I would consider both definitions of 'objective' as being applicable to scientific inquiry. The first definition applies to the investigator who strives to be objective in gathering, analyzing, and drawing conclusions about data. The second definition is a property of things themselves, that they exist independently of thought, which science is also concerned with.Good!
The same with knowledge. If you strip away the requirement of observability as the only one and look closer at observability is it about objective. If you then look at the different versions of objective the most general one is this one - "expressing or dealing with facts or conditions as perceived without distortion by personal feelings, prejudices, or interpretations."
How? All perception or experience as in this one - "involving or deriving from sense perception or experience with actual objects, conditions, or phenomena" - doesn't mean observation as in science. That is these 2 to a varying degree - "of, relating to, or being an object, phenomenon, or condition in the realm of sensible experience independent of individual thought and perceptible by all observers : having reality independent of the mind."
So let me give you an example of something which is not knowledge in science, but it is knowledge in the soft end of social science as connected to psychology and human science.

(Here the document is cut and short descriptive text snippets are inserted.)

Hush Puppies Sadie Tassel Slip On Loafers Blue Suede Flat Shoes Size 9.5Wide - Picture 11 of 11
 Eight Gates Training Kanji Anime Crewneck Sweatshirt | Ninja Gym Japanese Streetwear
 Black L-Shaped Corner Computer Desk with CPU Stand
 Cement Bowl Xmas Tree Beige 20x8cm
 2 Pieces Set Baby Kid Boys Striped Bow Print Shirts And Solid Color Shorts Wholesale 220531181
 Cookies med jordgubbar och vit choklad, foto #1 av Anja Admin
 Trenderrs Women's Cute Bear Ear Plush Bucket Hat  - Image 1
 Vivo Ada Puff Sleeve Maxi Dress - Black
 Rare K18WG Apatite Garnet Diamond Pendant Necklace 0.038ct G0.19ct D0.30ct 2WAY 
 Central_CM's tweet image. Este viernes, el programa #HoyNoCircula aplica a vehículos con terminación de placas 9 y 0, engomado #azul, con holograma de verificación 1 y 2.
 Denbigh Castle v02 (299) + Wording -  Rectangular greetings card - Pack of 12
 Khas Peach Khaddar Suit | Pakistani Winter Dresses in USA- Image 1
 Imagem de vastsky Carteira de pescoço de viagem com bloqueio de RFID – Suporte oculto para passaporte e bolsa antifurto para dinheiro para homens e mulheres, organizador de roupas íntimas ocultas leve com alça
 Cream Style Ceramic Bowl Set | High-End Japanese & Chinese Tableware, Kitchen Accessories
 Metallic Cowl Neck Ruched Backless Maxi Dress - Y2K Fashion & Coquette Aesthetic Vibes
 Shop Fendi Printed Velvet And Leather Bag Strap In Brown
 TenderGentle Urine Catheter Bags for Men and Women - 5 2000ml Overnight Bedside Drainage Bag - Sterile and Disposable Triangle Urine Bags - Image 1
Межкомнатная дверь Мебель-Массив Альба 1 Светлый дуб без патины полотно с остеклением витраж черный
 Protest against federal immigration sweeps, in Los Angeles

How you do act, when as a professional in human general caretaking deal with another human, depends on how you deal with the private, the personal and the professional. But you can't observe this as per natural science. You can only to do it if you learn to be objective in the other variants, because it is not science as it is not of, relating to, or being an object, phenomenon, or condition in the realm of sensible experience independent of individual thought and perceptible by all observers : having reality independent of the mind.
It is knowledge in the mind about how different mindset works.
And as a professional in this line of work you have to be a human, personal, but you can't be private, and you have to hold that the other person might not be objective, but you have to.
There is more, but generally the joke is that you can be objective about the subjective in a limited sense, if you learn that.
You seem to make a distinction between what you call science, and what you call soft, social, or human science. For me, they are all part of the same science and must adhere to the same principles and standards.